GSEA Desktop v4.2.2 (Jan 2022)

GSEA v4.2.2 is a security release, updating to Log4J 2.17.1. All users are encouraged to update!

GSEA Desktop v4.2.1 (Dec 2021)

GSEA v4.2.1 is a security release, updating to Log4J 2.17.0. All users are encouraged to update!

There is one minor bug fix to the TXT parser to fix an error when no Description column is present. There are no other changes.

GSEA Desktop v4.2.0 (Dec 2021)

The GSEA v4.2.0 release includes a number of improvements and bug fixes, including:

  • Added a Spearman Correlation metric for continuous phenotypes.
  • Added a new Absolute Max of Probes collapse mode.
  • Updated to Log4J 2.16.0. Note however, we do not believe any version of GSEA Desktop is impacted by the vulnerability of earlier Log4j versions because it is a desktop application and does not expose any input forms to users over the web. If you are exposing GSEA through a website or other networked server then we recommend you update to 4.2.0 immediately.
  • Added a feature to allow saving the resulting dataset when the Collapse or Remap_Only options are set for a GSEA analysis. If the 'Create GCT files' option under Advanced Fields is set to true, the dataset will be saved as a GCT in the edb sub-folder of the analysis result directory.
  • Modified to save the console log to a 'gsea.log' file in gsea_home'.

There are also updates for better handling of missing values in the input datasets in the file parsers and computations. GSEA ignores missing values in general but there were certain situations where this was not the case. These happened primarily around missing tab fields and explicit NA or NaN input values, but there were also improvements to the handling of missing values overall.

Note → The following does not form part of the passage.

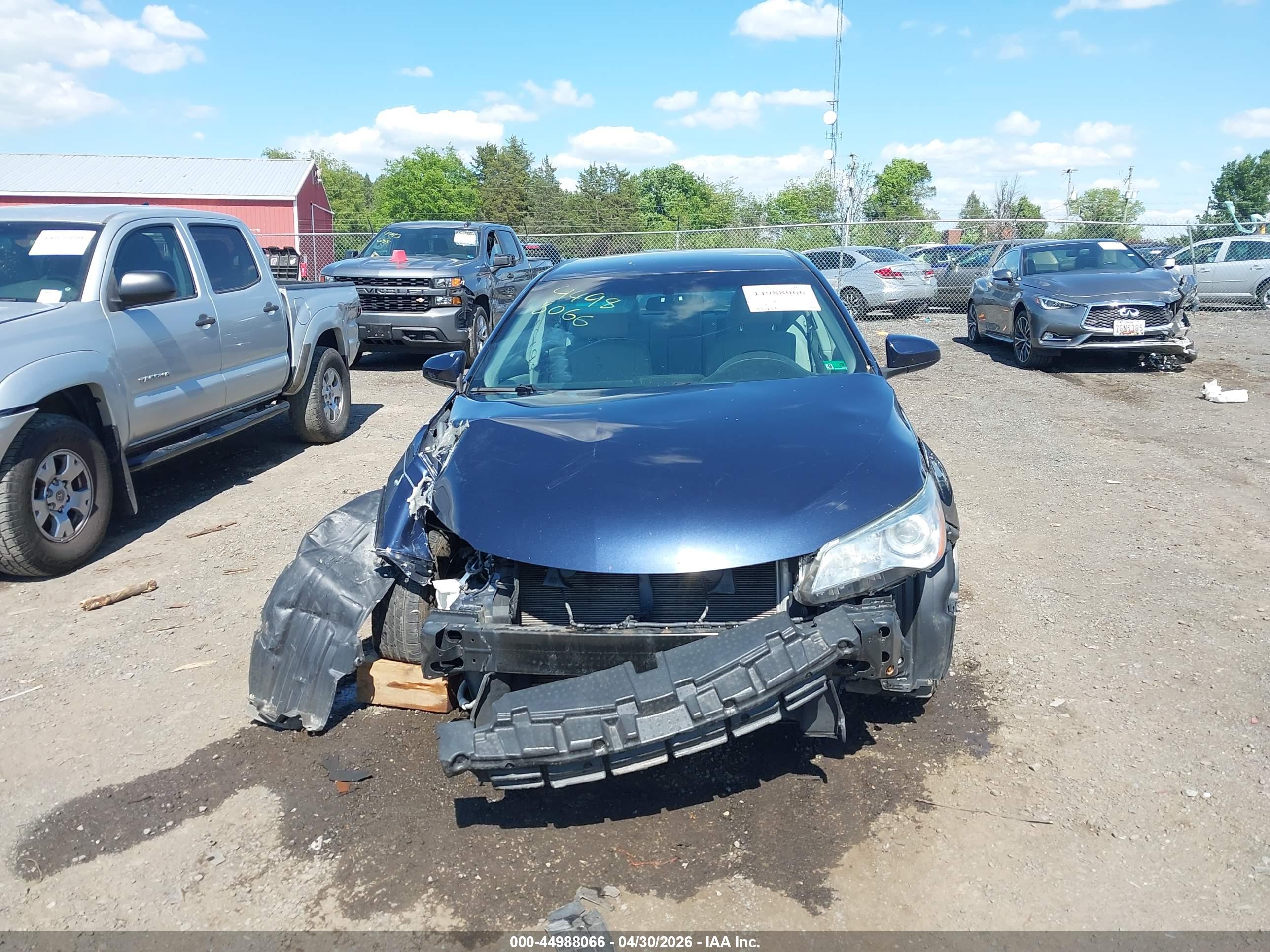TOYOTA CAMRY image 6
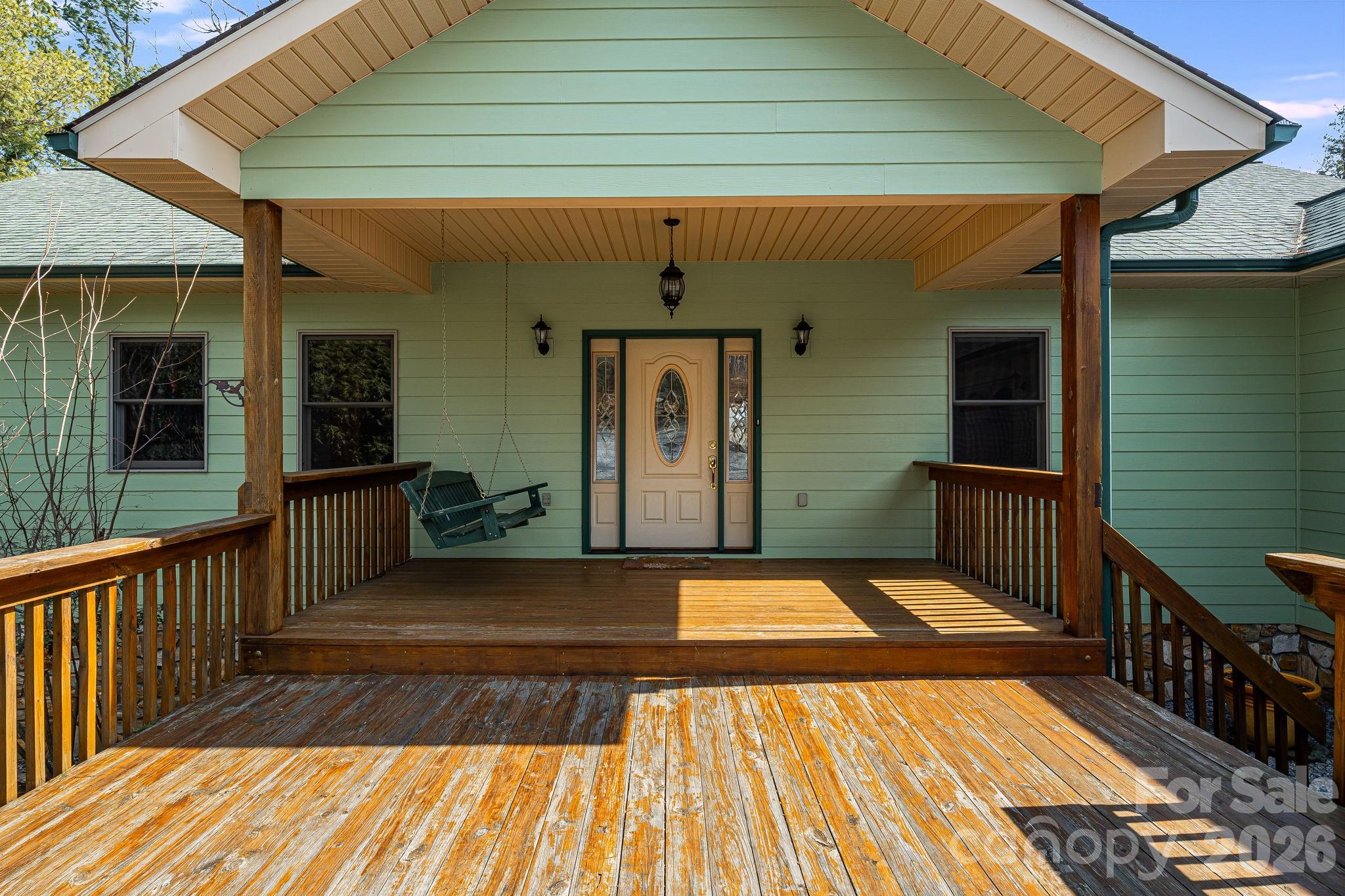 Photo 2 of Single family home for sale at 20 Stony Crst Dr, Spruce Pine, NC 28777 | MLS# 4421947 | Listing updated on 2026-09-05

  • Added more prominent warnings in the logs, the UI, and the reports when there are missing values in the input.
  • Modified the GCT, TXT, RNK, and PCL parsers to better handle these cases. NA values were formerly not treated as missing and would cause a numeric parsing error. Likewise for quoted empty values. These are now treated simply as missing values aand ignored.
  • Fixed bugs in most metric calculations where the missing values were not ignored as intended. This affected all metrics except signal-to-noise (S2N, the default) and tTest.
  • Fixed the collapse calculations to also ignore missing values among the individual probes in the same way as the metric computations. This can affect the calculation of mean or median, for example.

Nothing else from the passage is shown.